10/27/2017 Personal Growth
Work is hard—projects, meetings, deadlines, travel, etc. All of that is made more challenging if you have a problem with one of your coworkers. These tips will help you improve any unpleasant peer relationships.
No matter your role in an organization, work can become stressful when you have a difficult coworker. Historically a workplace has been a place to go for teamwork, conversations around the water cooler, and a sense of connection. However, with more people working from home, an increased competitiveness in a world filled with overachievers, and an increase in technology over personal/face-time interactions, workplaces may not feel so supportive. Even worse, offices can lead you to feel downright miserable.
The following are five strategies to help ensure that a coworker who may be bringing you down doesn't become a problem.
Problems with communication can stem from a lack of clarity. If both parties are speaking and no one is listening this can be problematic. A team may have a common goal that everyone understands but individuals will have different ways of prioritizing actions on the way to that goal. Frequent check-ins and strong methods of communication are one method to alleviate difficulties. Remember, just because you are speaking doesn’t mean you are being heard. Ask your team members to repeat back what has been said in one-to-one meetings. Follow up verbal directions with an email. Create milestones along the way to ensure that everyone’s understanding, motivation, and enthusiasm stay strong.
A wonderful way to begin a conversation is with an “I” statement. This is a way of taking responsibility and ownership over your actions. Two examples are: “When you change the due date of a project I feel stressed out” or “When you use phrases like ‘I've told you that before’ or ‘we already went over this’ I feel as though you think I'm stupid.” The use of “I” sentences allows you to share what you're feeling without blaming the other person for making you feel that way.
Repairing an ailing relationship with a colleague at work is more difficult than tending one before it breaks down. Much like when the weeds get overgrown in your garden, regular effort and attention is a lot simpler than a complete garden overhaul. If you know you have a coworker who has different beliefs than you (politically, religiously, or other non–work-related topics) steer clear of these topics. If you notice that you and your colleagues have different strengths, praise them for the things that you see them doing well. Ask for their help in areas where you know that you could improve. This is like putting money in the bank—just like you can’t withdraw before you deposit, it is wise to compliment prior to critiquing.

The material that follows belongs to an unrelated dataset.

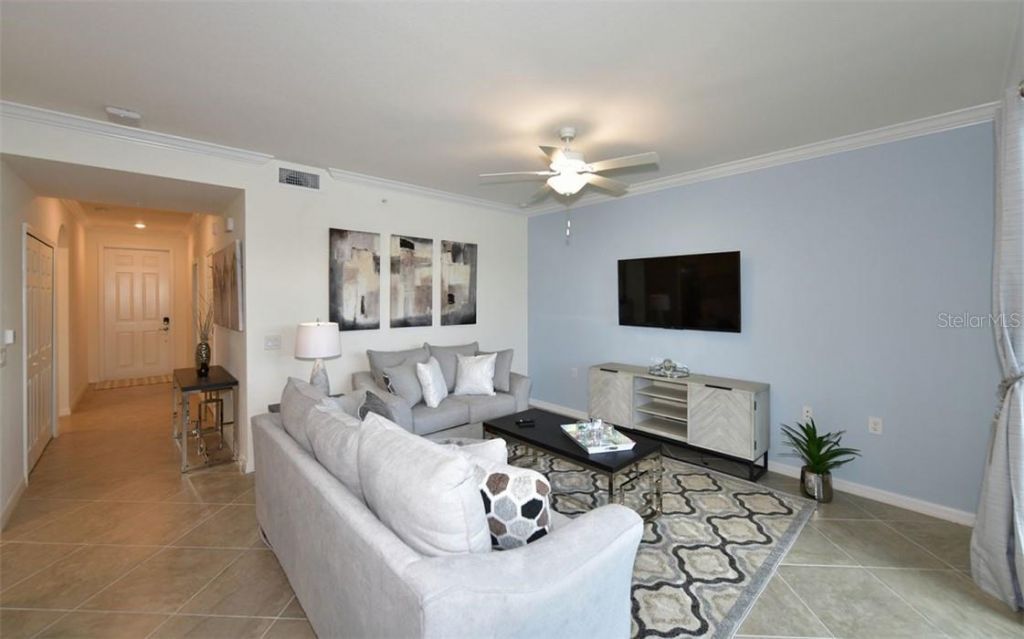 17520 Gawthrop Drive, Unit 203, Lakewood Ranch, FL 34211 Photo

And remember to begin any conversation from a place of curiosity and with an open mind.
Start the Day Grounded
Every day is a clean slate. Make sure you begin with a morning routine that supports you through the entire day.
- Fuel with healthy foods
- Move your body
- Connect with your family or friends
Each of these routine items help you start your day on solid ground, putting you in a positive place from which to interact with your colleagues.
Leave Work at Work
Devices have made it virtually impossible to work a “typical” 9 a.m. to 5 p.m. day. This doesn’t mean that you can’t draw boundaries. Let your colleagues know when you will respond to calls, emails, or texts. Use devices to support you—create an auto-responder, work set hours, and draw boundaries about how and when you will communicate outside your set hours. Then use the time outside work in ways that fill your cup, let off steam, and allow you a break.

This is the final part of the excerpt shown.